Supplied data
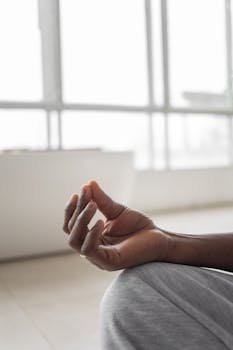 Person practicing meditation indoors with a focus on hand gesture for relaxation and mindfulness.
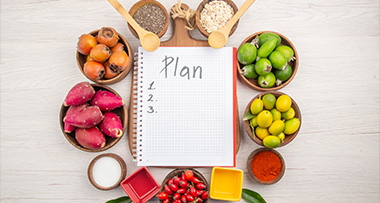 notebook with plan and fresh fruits and vegetables arranged in bowls for meal prep and healthy eating ideas 2 recipes 2 ingredients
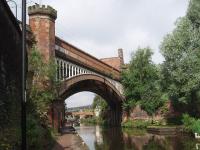 View west along the Bridgewater Canal at Deansgate, Manchester, on 7 July 2008. In the middle distance, through the arch of the railway bridge, the masts of the Trafford Park/Warrington line can be seen, while running above that is the CLC/Metrolink elevated section, on the approach to G-Mex/Central station, out of the picture to the northeast.     <br><br>[Mark Bartlett 07/07/2008]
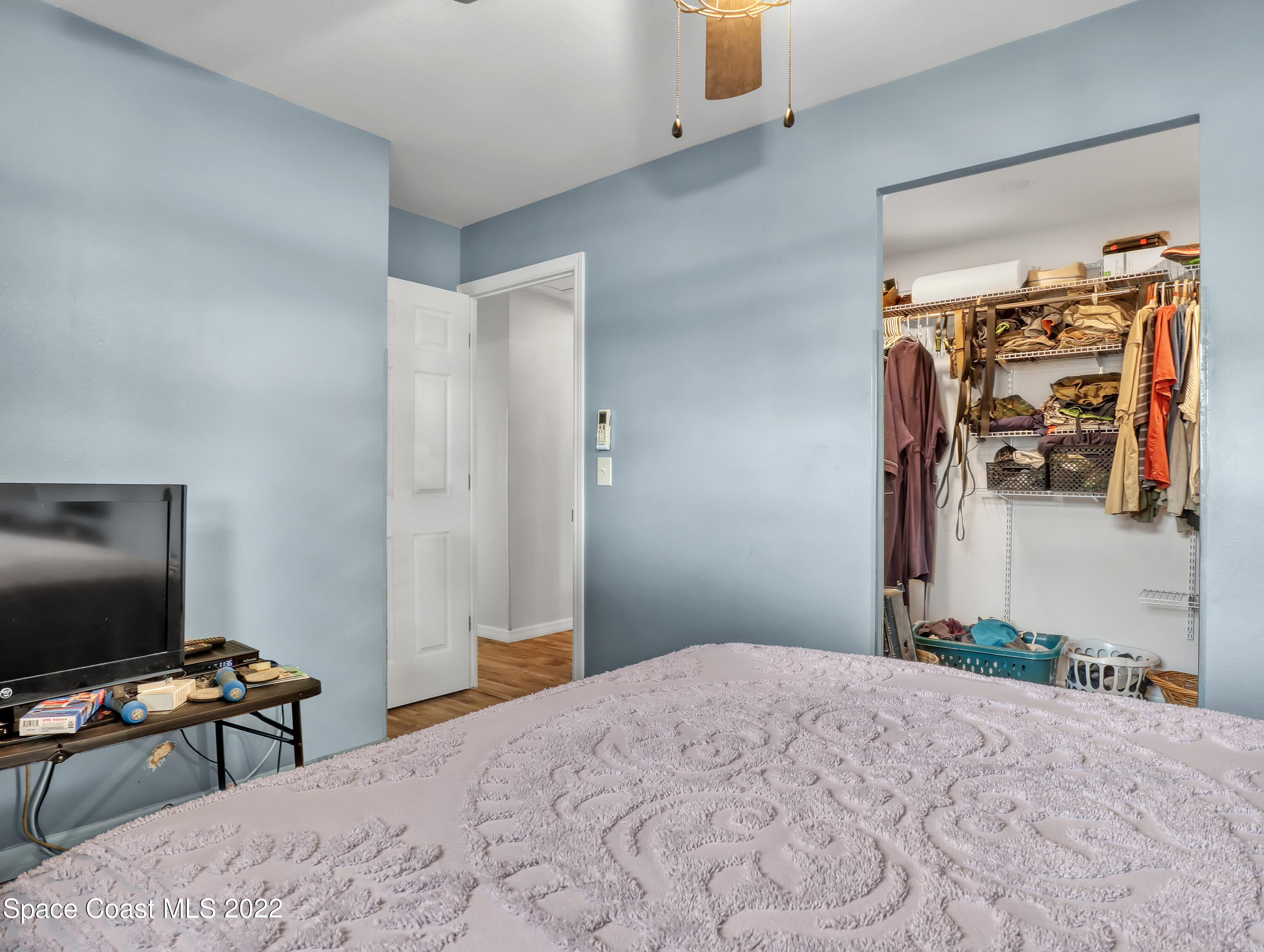 2156 King Richard Road Melbourne, FL 32935 - Photo 17 of 28 a bedroom with bed and a flat tv screen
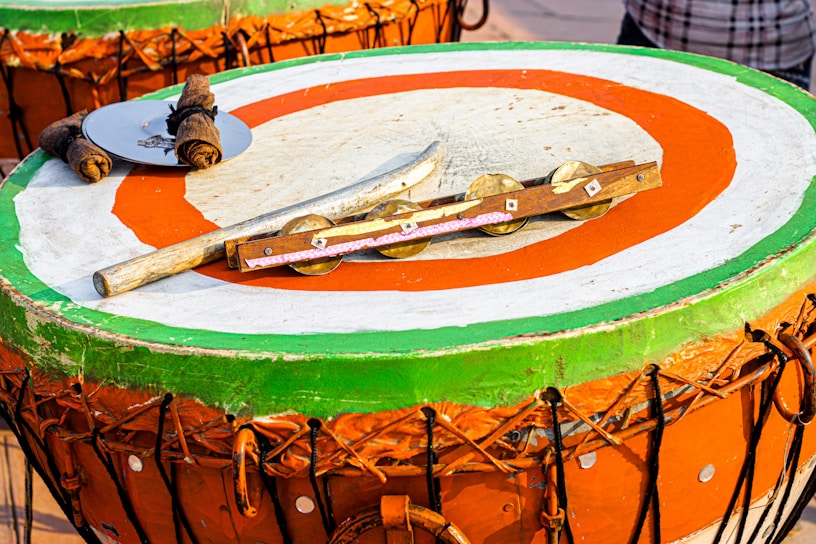 A large, round drum with a brightly painted surface featuring green, orange, and white concentric circles. Atop the drum are various percussion instruments, including sticks wrapped in fabric, a metal disc, and a wooden rod with cymbal-like attachments.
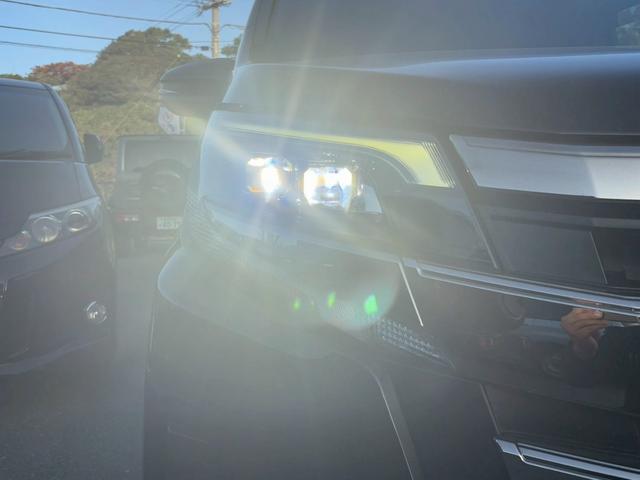 ノア Ｓｉ　ダブルバイビー　ＴＶ＆ナビ　後席モニター　バックカメラ　クルーズコントロール　スマートキー　キーレスエントリー　プッシュスタート　両側電動スライドドア　３列シート　ＬＥＤヘッドライト（65枚目）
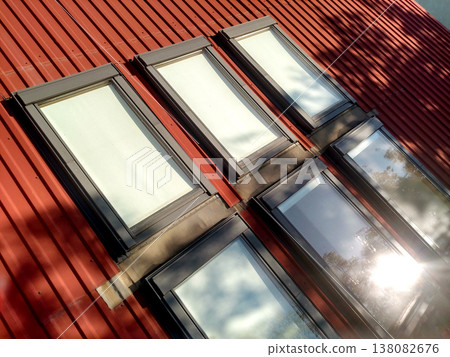 Red tiled house roof with attic windows. Roofing construction, window installation, modern architecture concept. 138082676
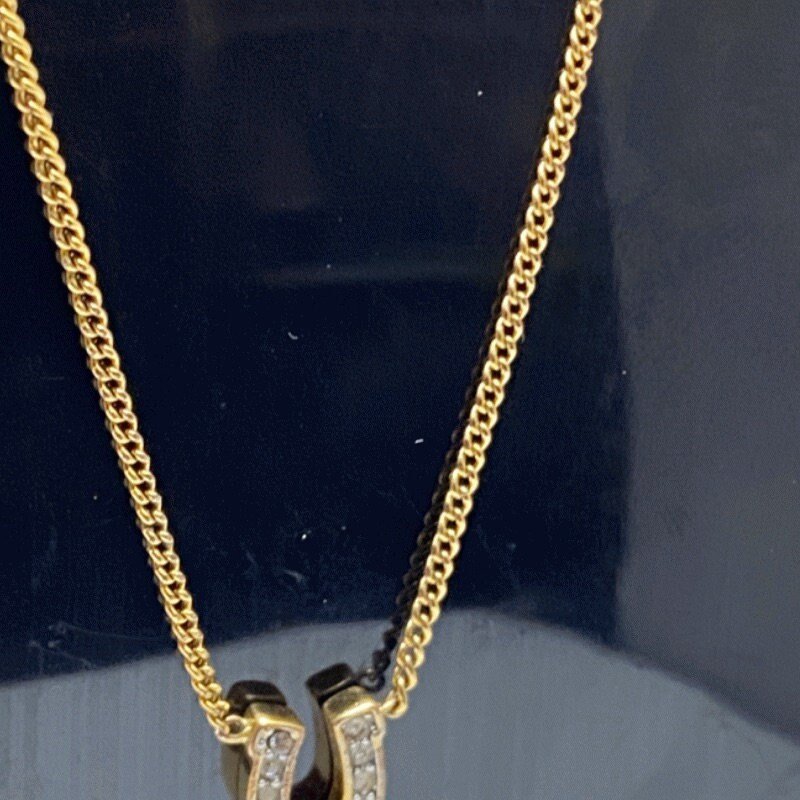 Rare authentic gold tone sparkly horseshoe  signed Juicy Couture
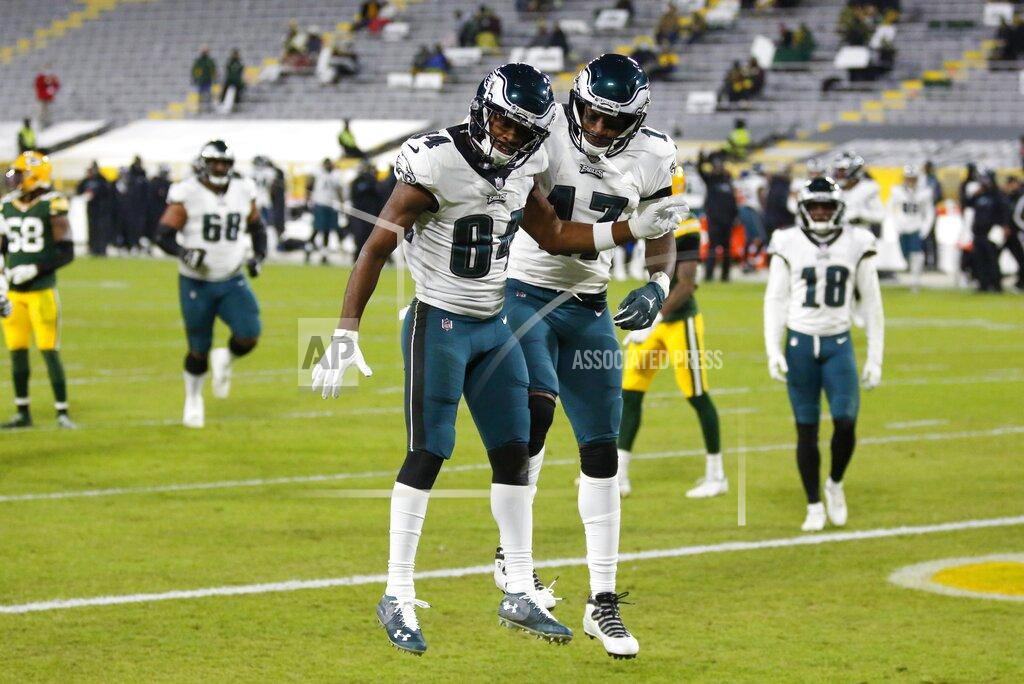 Matt Ludtke Philadelphia Eagles' Greg Ward (84) celebrates his touchdown catch with Alshon Jeffery (17) during the second half of an NFL football game against the Green Bay Packers Sunday, Dec. 6, 2020, in Green Bay, Wis. (AP Photo/Matt Ludtke)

Task item
In the records above, find the line containing "Rare authentic gold", then write out exactly that line and every later one through the last, omitting pictures.

Solution
 Rare authentic gold tone sparkly horseshoe  signed Juicy Couture
 Matt Ludtke Philadelphia Eagles' Greg Ward (84) celebrates his touchdown catch with Alshon Jeffery (17) during the second half of an NFL football game against the Green Bay Packers Sunday, Dec. 6, 2020, in Green Bay, Wis. (AP Photo/Matt Ludtke)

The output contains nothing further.